1. 程式人生 > >Amazon Kinesis Data Streams Adds Enhanced Fan-Out and HTTP/2 for Faster Streaming

Amazon Kinesis Data Streams Adds Enhanced Fan-Out and HTTP/2 for Faster Streaming

A few weeks ago, we launched two significant performance improving features for Amazon Kinesis Data Streams (KDS): enhanced fan-out and an HTTP/2 data retrieval API. Enhanced fan-out allows developers to scale up the number of stream consumers (applications reading data from a stream in real-time) by offering each stream consumer its own read throughput. Meanwhile, the HTTP/2 data retrieval API allows data to be delivered from producers to consumers in 70 milliseconds or better (a 65% improvement) in typical scenarios.
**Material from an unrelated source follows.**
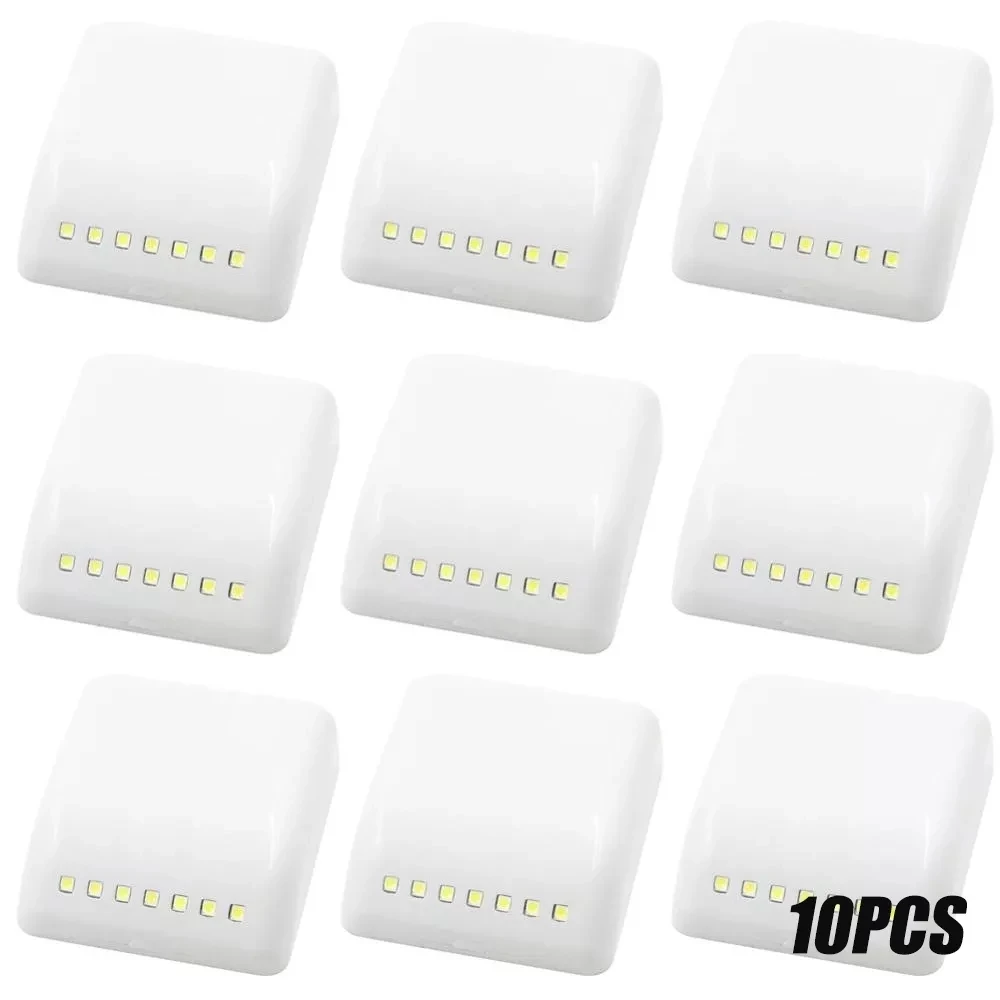 

10Pcs Battery Powered Mini 7 LED PIR Motion Sensor Human Induction Cupboard Wardrobe Lamp Smart LED Closet Light For Kitchen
These new features enable developers to build faster, more reactive, highly parallel, and latency-sensitive applications on top of Kinesis Data Streams.

Kinesis actually refers to a family of streaming services: Kinesis Video Streams, Kinesis Data Firehose, Kinesis Data Analytics, and the topic of today’s blog post, Kinesis Data Streams (KDS). Kinesis Data Streams allows developers to easily and continuously collect, process, and analyze streaming data in real-time with a fully-managed and massively scalable service. KDS can capture gigabytes of data per second from hundreds of thousands of sources – everything from website clickstreams and social media feeds to financial transactions and location-tracking events.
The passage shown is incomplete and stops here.